On a machine with good network bandwidth (1 Gbps+), 16 threads will typically saturate the connection. On slower connections, 4–8 threads are sufficient.

# Writing Results to Zarr for Reuse

If you will run the same computation multiple times (parameter tuning, iterative analysis), write intermediate results to Zarr to avoid re-fetching from S3:

# Fetch once, cache locally
ndvi_masked.to_zarr("brisbane_ndvi_2022.zarr", mode="w")

# Subsequent runs: open from local Zarr (microseconds vs. 20+ seconds from S3)
import xarray as xr
ndvi_cached = xr.open_zarr("brisbane_ndvi_2022.zarr")["ndvi"]
monthly_result = ndvi_cached.resample(time="1MS").mean().compute()

The fetch-once-cache pattern is especially valuable during analysis development where you iterate on processing parameters but the source data does not change.

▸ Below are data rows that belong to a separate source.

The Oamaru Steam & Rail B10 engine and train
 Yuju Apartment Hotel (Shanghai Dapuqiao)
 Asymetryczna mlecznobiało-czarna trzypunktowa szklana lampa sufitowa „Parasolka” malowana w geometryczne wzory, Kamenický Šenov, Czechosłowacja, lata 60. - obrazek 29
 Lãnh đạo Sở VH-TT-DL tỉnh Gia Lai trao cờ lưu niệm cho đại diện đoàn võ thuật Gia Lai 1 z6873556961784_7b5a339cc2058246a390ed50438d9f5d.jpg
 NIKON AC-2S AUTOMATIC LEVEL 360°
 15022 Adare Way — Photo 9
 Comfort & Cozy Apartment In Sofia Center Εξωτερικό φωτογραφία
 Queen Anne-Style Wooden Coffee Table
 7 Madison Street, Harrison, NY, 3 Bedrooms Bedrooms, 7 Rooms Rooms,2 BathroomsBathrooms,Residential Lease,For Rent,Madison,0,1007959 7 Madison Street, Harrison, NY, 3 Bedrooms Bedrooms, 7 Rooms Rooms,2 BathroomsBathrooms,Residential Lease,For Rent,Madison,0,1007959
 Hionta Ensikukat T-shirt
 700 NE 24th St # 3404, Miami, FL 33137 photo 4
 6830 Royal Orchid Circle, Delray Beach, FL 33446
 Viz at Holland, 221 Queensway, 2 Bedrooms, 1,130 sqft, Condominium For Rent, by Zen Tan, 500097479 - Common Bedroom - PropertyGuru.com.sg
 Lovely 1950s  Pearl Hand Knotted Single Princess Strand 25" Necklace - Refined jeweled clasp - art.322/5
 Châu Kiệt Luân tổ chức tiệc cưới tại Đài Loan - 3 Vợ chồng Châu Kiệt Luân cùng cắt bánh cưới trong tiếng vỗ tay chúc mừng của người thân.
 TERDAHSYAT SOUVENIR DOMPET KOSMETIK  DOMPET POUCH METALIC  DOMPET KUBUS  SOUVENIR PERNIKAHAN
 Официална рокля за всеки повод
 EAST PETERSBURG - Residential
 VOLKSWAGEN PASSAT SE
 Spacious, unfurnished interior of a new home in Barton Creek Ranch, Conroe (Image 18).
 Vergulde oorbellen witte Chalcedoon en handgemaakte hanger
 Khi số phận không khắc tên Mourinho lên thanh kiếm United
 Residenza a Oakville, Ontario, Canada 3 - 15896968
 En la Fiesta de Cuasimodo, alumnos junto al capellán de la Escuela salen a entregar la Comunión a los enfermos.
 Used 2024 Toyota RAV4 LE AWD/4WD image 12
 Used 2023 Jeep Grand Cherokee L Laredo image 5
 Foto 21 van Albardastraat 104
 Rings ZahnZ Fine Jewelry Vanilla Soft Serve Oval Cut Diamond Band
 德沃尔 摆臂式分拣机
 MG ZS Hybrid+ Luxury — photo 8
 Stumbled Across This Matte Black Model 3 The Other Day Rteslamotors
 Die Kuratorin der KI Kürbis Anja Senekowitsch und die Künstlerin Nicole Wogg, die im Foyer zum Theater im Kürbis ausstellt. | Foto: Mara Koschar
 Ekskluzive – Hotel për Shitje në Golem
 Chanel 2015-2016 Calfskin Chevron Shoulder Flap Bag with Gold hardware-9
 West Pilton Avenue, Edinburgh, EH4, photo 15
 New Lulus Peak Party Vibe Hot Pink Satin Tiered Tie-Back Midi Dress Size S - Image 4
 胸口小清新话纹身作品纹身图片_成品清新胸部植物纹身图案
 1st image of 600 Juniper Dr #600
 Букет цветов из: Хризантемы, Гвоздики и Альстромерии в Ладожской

# When Not to Use stackstac

stackstac excels for regional, multi-date analyses where you want a subset of the available data. It is less well-suited to:

Continental or global mosaics: if you genuinely need all pixels of all scenes, bulk download (AWS Open Data, Google Earth Engine, STAC bulk download tools) may be more efficient than streaming
Very high cadence analysis: if your analysis requires sub-scene update frequency (e.g. hourly GOES data), consider pre-processed products rather than raw COG streaming
Offline environments: stackstac requires live network access to cloud storage

For most regional spatial analysis workflows — studying change over a city, a watershed, a state — stackstac makes cloud-native satellite analysis accessible without any download infrastructure.